# [What needs to be done]
From the line containing "photo of vintage" to the last line of the listing, both included, copy every line exactly and drop the pictures.

# [Supplied material]

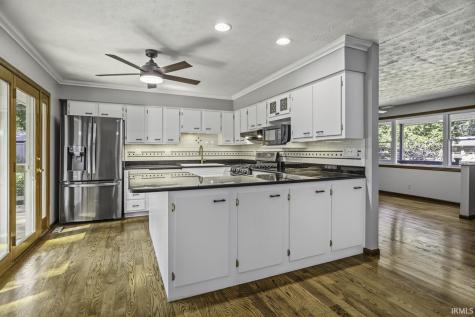 4158 Trees Drive Lafayette IN 47909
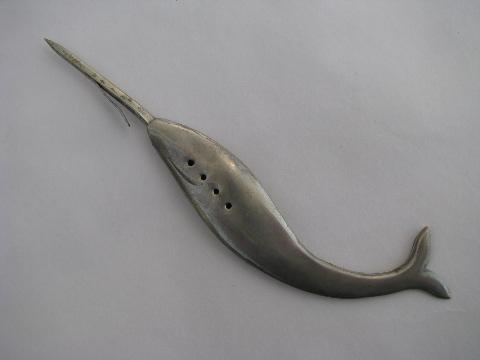 photo of vintage sewing tool, figural tin whale art punch needle for embroidery #2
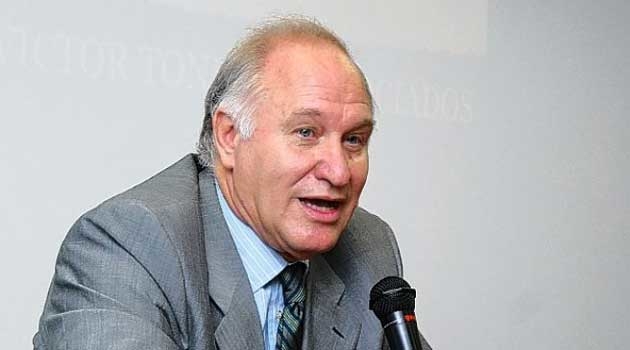 Víctor Tonelli: ” El mercado externo demanda novillos, pero nosotros dejamos de hacerlos hace 12 años”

# [Solution to the exercise]
 photo of vintage sewing tool, figural tin whale art punch needle for embroidery #2
 Víctor Tonelli: ” El mercado externo demanda novillos, pero nosotros dejamos de hacerlos hace 12 años”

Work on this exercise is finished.